Federal Reserve Statement: Bernanke and FOMC Expected to Leave Rates Unchanged

Impact

On Wednesday at 2 PM, the U.S. Federal Reserve will release its economic projections for the next two years, including its inflation forecast for the next two years, as well as individual projections from members of the Federal Open Market Committee. The FOMC will also release a statement explaining its latest decision concerning interest rates and other decisions concerning monetary policy. At 2:30 PM, Federal Reserve Chair Ben Bernanke will hold a press conference explaining the latest action (or inaction) from the Fed. 

As usual, the investing world will be watching today and hanging on every word in the FOMC's statement and in Bernanke's press conference. The Fed is expected to leave rates unchanged, and continue its bond purchasing program to the tune of $85 billion per month through the third quarter of 2013. 

Previously, Bernanke has said that as long as the unemployment rate remains above 6.5%, it would continue its ultra-loose monetary policy.

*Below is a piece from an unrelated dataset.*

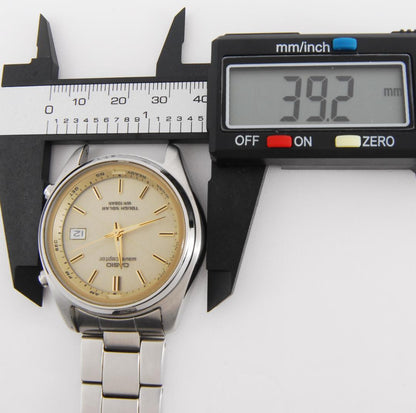 Casio Wave Ceptor WVQ-110DJ Solar Radio Wave Watch — Japan Import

The February unemployment rate was 7.7%.

Stocks have been on a tear, with the Dow recording an all time high two weeks ago upon exceeding 14,400. This is due in large part to multiple rounds of quantitative easing, the first of which was announced by the Fed in late 2008 in response to the housing collapse and subsequent market crash brought on by the insolvency and bailing out of several major financial institutions. Over the last three and a half years, the Fed, with its zero interest rate policy (ZIRP), has sought to discourage investors from taking refuge in the U.S. dollar and treasury bonds — typically seen as safe-haven assets — in an attempt to spur lending. 

The Fed's policies have prompted investors to seek yields elsewhere, particularly stocks, commodities, and precious metals. On Wednesday morning, stocks were in positive territory. The Dow, S&P, and NASDAQ were all up about 0.5% at 10:10 AM on Wednesday.

The Fed's announcement is not expected to send the markets spasming in any particular direction, as it has made clear the conditions under which it would reverse course on its monetary policy. For all intents and purposes, the Fed's bond-buying program and ZIRP have been priced into the market. Any hint of a deviation from this plan, however, could shake things. This is not expected.

There is also concern that stocks have been too hot, and are due for a pullback, lest equities become too hot too fast. Regardless of the Fed's announcement, expect the smart money to start flowing out of stocks soon.